Se preguntaba
y se respondía Valle Inclán por boca de Max Estrella, el personaje central de Luces de Bohemia: “¿Qué sería de este
corral nublado? ¿Qué seríamos los españoles? Acaso más tristes y menos
coléricos… Quizá un poco más tontos… Aunque no lo creo”.
Bueno sería,
casi un siglo después, conocer cuál habría de ser el pensar y el sentir del
escritor ante un país donde el sol y su
comercio se han convertido casi en el principal motor de la hacienda. Ya no es
que nos marque el carácter; es que, si bien se mira, condiciona casi todo
nuestro existir, así en materia laboral y económica como en comportamientos y
ritos cotidianos. Sea como fuere, los meses estivales venían acompañados
siempre, aparte del sol, con sensaciones placenteras que todos mimamos en
nuestra memoria y trasladamos al cine y a la literatura como paraísos perdidos:
bicicletas, lujurias y azoteas, fuego en el cuerpo, ventanas indiscretas… Hasta
capaces éramos de deleitarnos con películas tan soporíferas hoy como Verano del 42. Así funcionan las
emociones, que son sabias y que nos alejan de lo que en la actualidad destila
esta estación excesiva por sus cuatro costados: alertas por olas de calor,
sequías más o menos constantes, obsesión por el viaje, invasiones turísticas,
incendios bárbaros y mercados de fichajes para darle al balón cuando el calor
pase.
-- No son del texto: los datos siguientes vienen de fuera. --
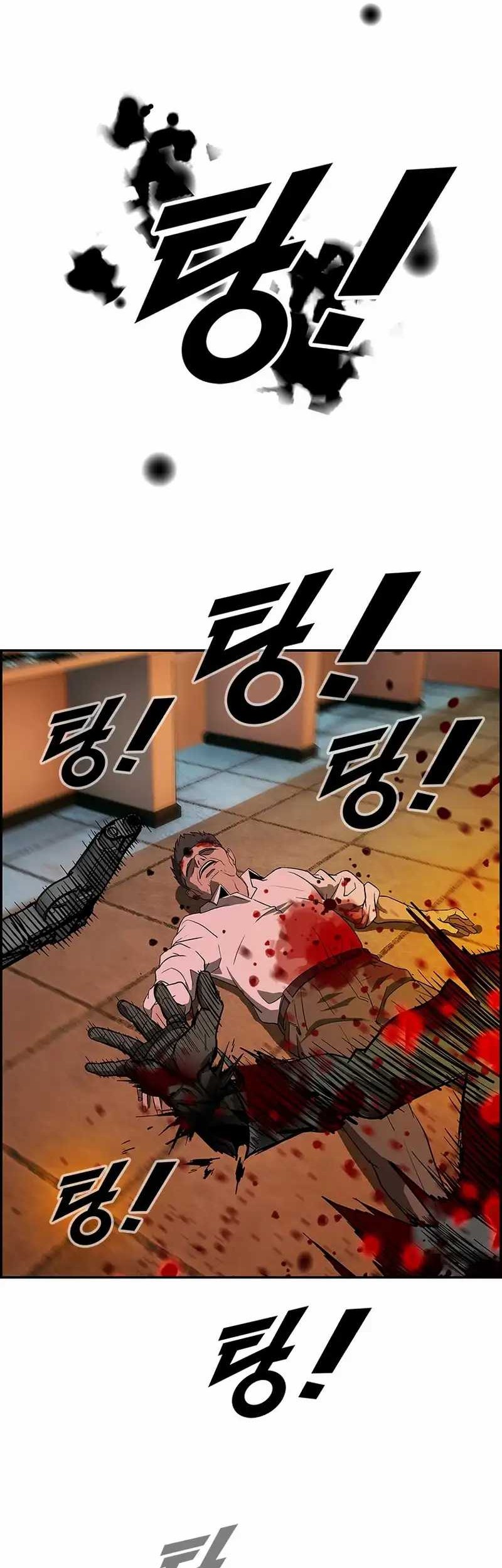 Should I Make You a Nuclear Weapon? Chapter 1 - halaman 28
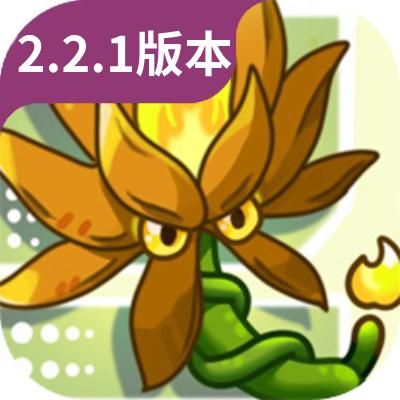 植物大战僵尸融合版最新版 v2.2.1 安卓版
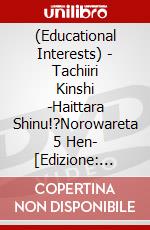 (Educational Interests) - Tachiiri Kinshi -Haittara Shinu!?Norowareta 5 Hen- [Edizione: Giappone] dvd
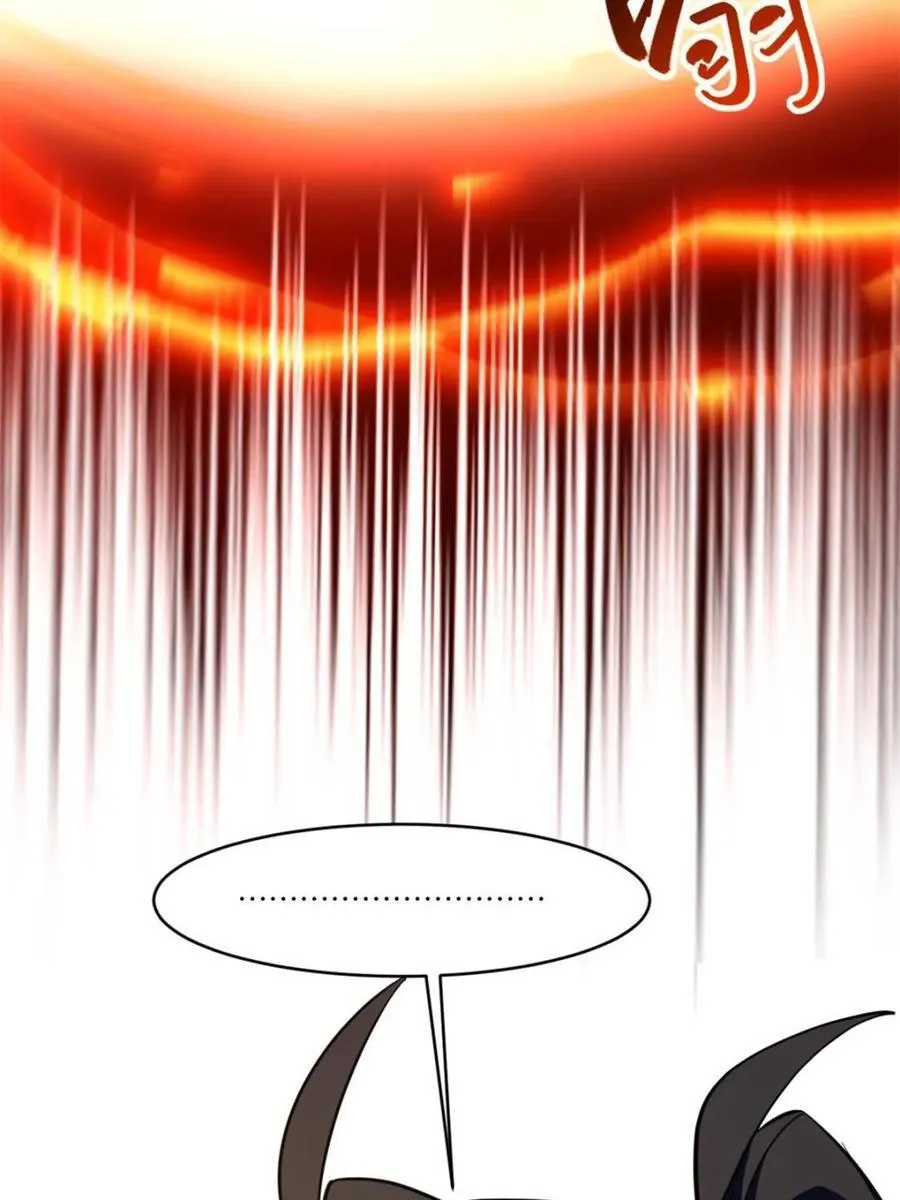 第74话 74.承受我君逍遥的怒火？83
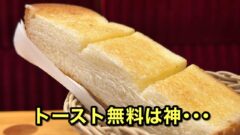 コメダ珈琲モーニング（エミフルMASAKI店）サムネイル画像
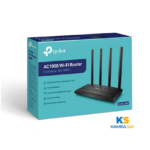 Routeur Tplink Wi-Fi 5 sans fil MU-MIMO AC1900 Archer C80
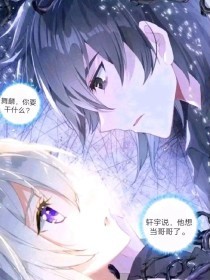 美剧人人影视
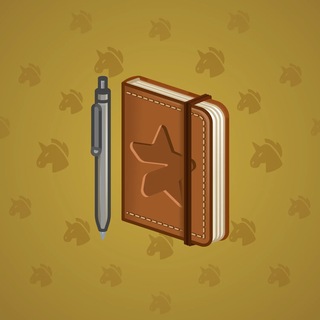 Star Notepad #71111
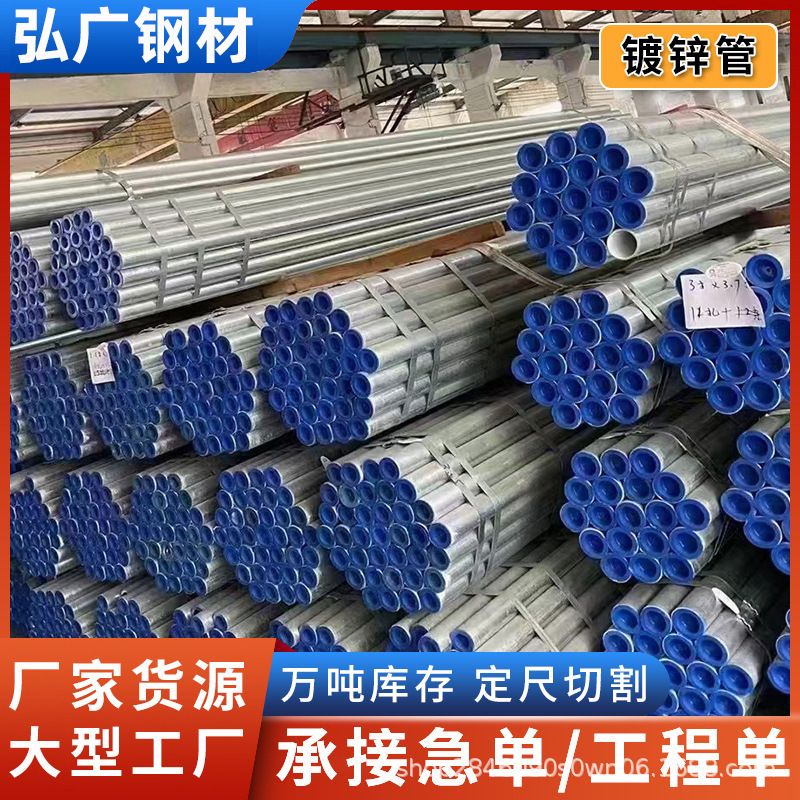 柳州镀锌管 镀锌消防管 镀锌焊管管 焊接镀锌管 dn15-dn300镀锌管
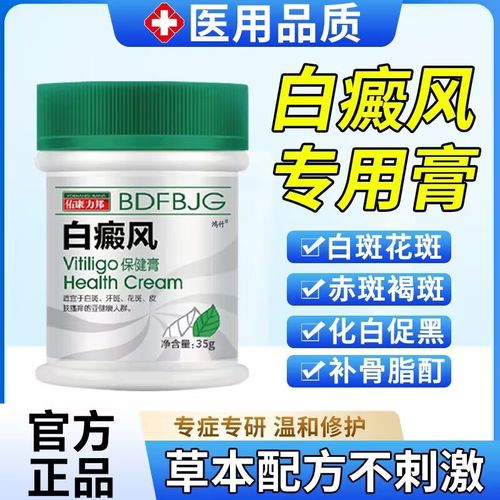 白癜风谁治好了的(白癜风最好医生) 白癜风谁治好了的(白癜风最好医生)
No se trata de que el tiempo pasado fuese mejor, sino que la emotividad
nos traiciona y el drama presente nos aturde. Y nada hay, en fin, como el
marketing para manejar engaño y desconcierto y convertir así el estío en un
supuesto tiempo de esplendor y de ansia donde todo se permite y que todos, en
mayor o menor medida, tratamos de gozar y de calmar.
Al cabo, no
encontraremos mejor estación que ésta para confirmar nuestra condición de
vecinos del Callejón del Gato, con cuyas conductas grotescas Valle hubiese
construido todo un cosmos sistemáticamente deformado por los espejos cóncavos.
Tal vez a través de los ojos turbios del poeta ciego Max Estrella.